RE: invalid counter value in request_queue

From: 小川 修一
Date: Thu Dec 09 2021 - 22:10:24 EST


OK, I understood the logic roughly:

-- negative value is OK. all values in each percpu_count_ptr are sum up at percpu_ref_switch_to_atomic_rcu() and store into atomic_t count.
-- atomic type is prefer to percpu type for some device to avoid RCU synchronization. then keep atomic.
But percpu access is less SMP synchronization than atomic. Now my system took percpu type

Finally, no problem. Thanks

Best regards, shuichi ogawa

-----Original Message-----
From: 小川 修一 <ogawa.syuuichi@xxxxxxxxxxxx>
Sent: Friday, December 10, 2021 10:07 AM
To: linux-kernel@xxxxxxxxxxxxxxx
Cc: 山本 達史 <yamamoto.tatsushi@xxxxxxxxxxxx>; Natsume, Wataru (ADITJ/SWG) <wnatsume@xxxxxxxxxxxxxx>; 小川 修一 <ogawa.syuuichi@xxxxxxxxxxxx>
Subject: RE: invalid counter value in request_queue

I forgot to take care gdb-script about ATOMIC mode in percpu_count_ptr. I fixed the script then I got:

super_block 0xffff9bb3f8bbcc30 "vdb"
q=(struct request_queue *) 0xffff9bb3fb53d1c0,q->q_usage_counter.percpu_count_ptr=(unsigned long *) 0x3a80c000b2b9
0:0xffffd634bfc0b2b8,0x0,0
1:0xffffd634bfc8b2b8,0x0,0
2:0xffffd634bfd0b2b8,0x0,0

Result is as same as previous my e-mail.

-----Original Message-----
From: 小川 修一
Sent: Friday, December 10, 2021 9:54 AM
To: linux-kernel@xxxxxxxxxxxxxxx
Cc: 山本 達史 <yamamoto.tatsushi@xxxxxxxxxxxx>; Natsume, Wataru (ADITJ/SWG) <wnatsume@xxxxxxxxxxxxxx>
Subject: RE: invalid counter value in request_queue

Hi all

I understood the reason why per-cpu couner became negative.
As I mention previous mail, q_usage_counter should be atomic counter.
percpu_refcount has not only percpu counter but also ATOMIC counter mode.

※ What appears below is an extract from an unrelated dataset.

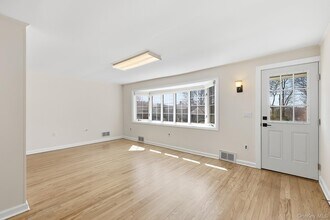 1936 Longvue St in Yorktown Heights, NY - Building Photo - Building Photo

As fact, blk_alloc_queue_node() initialize request_queue->q_usage_counter as ATOMIC_MODE like this:

/*
* Init percpu_ref in atomic mode so that it's faster to shutdown.
* See blk_register_queue() for details.
*/
if (percpu_ref_init(&q->q_usage_counter,
blk_queue_usage_counter_release,
PERCPU_REF_INIT_ATOMIC, GFP_KERNEL))

However, q_usage_counter becomes percpu mode at blk_register_queue() .

blk_register_queue()

/*
* SCSI probing may synchronously create and destroy a lot of
* request_queues for non-existent devices. Shutting down a fully
* functional queue takes measureable wallclock time as RCU grace
* periods are involved. To avoid excessive latency in these
* cases, a request_queue starts out in a degraded mode which is
* faster to shut down and is made fully functional here as
* request_queues for non-existent devices never get registered.
*/
if (!blk_queue_init_done(q)) {
queue_flag_set_unlocked(QUEUE_FLAG_INIT_DONE, q);
percpu_ref_switch_to_percpu(&q->q_usage_counter);
blk_queue_bypass_end(q);
}


When I remove percpu_ref_switch_to_percpu(&q->q_usage_counter) in blk_register_queue() ;

- At least percpu counter is no longer used.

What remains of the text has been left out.